Semoga kita selalu mendapatkan
pertolongan dan petunjuk-Nya.Shalawat serta salam semoga senantiasa tercurah
limpahkan kepada baginda Rasulullah Shallallahu ‘alaihi wa sallam, keluargannya, dan para sahabat,
serta kita semua. Mudah-mudahan kita dapat meneladaninnya dan menjalankan
ajarannya dalam kehidupan sehari-hari.
Makalah ini di susun bermaksud
memenuhi tugas mata kuliah “Ushul Fiqih” dan sekaligus bahan presentasi. Serta
kami agar mengetahui bagaimana prespektif kaum syi’ah mengenai hadits.
Oleh
karena itu, kami mengharapkan saran serta masukan untuk memperbaiki makalah
ini.

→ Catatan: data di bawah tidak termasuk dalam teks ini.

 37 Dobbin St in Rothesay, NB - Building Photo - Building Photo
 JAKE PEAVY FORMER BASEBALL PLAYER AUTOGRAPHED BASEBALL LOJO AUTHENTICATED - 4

Kami juga untuk saling menghaturkan terima kasih kepada semua pihak yang
telah membantu kami dalam pembelajaran pembuatan makalah ini.
Bogor,
Oktober 2014
Penyusun
DAFTAR ISI
BAB 1
PENDAHULUAN
A. LATAR BELAKANG MASALAH
Setiap
umat Islam yang sudah terkena beban taklif, wajib menjalankan syariat Islam
pada setiap aktivitas kehidupannya. Dasar yang menjadi pedoman pelaksanaan
tersebut adalah al-Qur’an dan As-Sunnah. Tetapi setiap mukallaf dapat menggali
kedua sumber tersebut untuk dijabarkan dalam kegiatan hidupnya, karena melihat
kenyataan bahwa manusia ini berbeda tingkat intelektualitasnya dalam setiap
bidang dan mengingat sulitnya perangkat yang harus dimiliki oleh seorang
penggali hukum (mujtahid). Akibatnya, tidak semua manusia mendapatkan ketentuan
hukum dari sumber aslinya, tetapi melalui para mujtahid yang sanggup
mengistimbatkan hukum dari sumber aslinya itu.
B. RUMUSAN MASALAH
1.
Apa pengertian,hokum dan
syarat taqlid
2.
Apa pengertian ittiba’,dan
hukumnya
3.
Apapengertian tafliq an
hukumnya
C. TUJUAN
Pengenalan
tentang taqlid, ittiba’, dan taflid dari segi makna dan hokum- hukumnya
BAB II
PEMBAHASAN
A. Taqlid
1. Pengertian
Taqlid
Kata taqlid berasal dari bahasa arab yakni “قلد يقلد تقليدا” artinya meniru menurut seseorang
dan sejenisnya. Adapun taqlid yang dimaksud dalam istilah ilmu ushul fiqig
adalah:
قبولُ قولِ القَائلِ
وانتَ لاَ تعلَمُ مِنْ ايْنَ قاَلهُ :
“menerima perkataan orang lain yang berkata, dan kamu tidak
mengetahui alasan perkataan itu”
Diantara definisi taqlid tersebut ialah:
1. Al
ghozali memberikan definisi:
قبوْلُ قَوْلٍ بلاَ حجّةٍ
“menerima ucapan tanpa hujjah
2. Al
Asnawi dalam kitab Nihyat Al Ushul mengemukakan
التّقْليدُ هو الاخذُ
بقوْلِ غيرهِ منْ غيرِ دليل
“Mengambil perkataan orang lain tanpa dalil”
3. Ibnu
Subki dalam kitab “jam’ul jamawi” merumuskan devinisi:
التّقليدُ اخذُ القولِ من غيرِ معرفةِ دليلٍ
“ taqlid ialah mengambil suatu perkara tanpa mengetahui dalil.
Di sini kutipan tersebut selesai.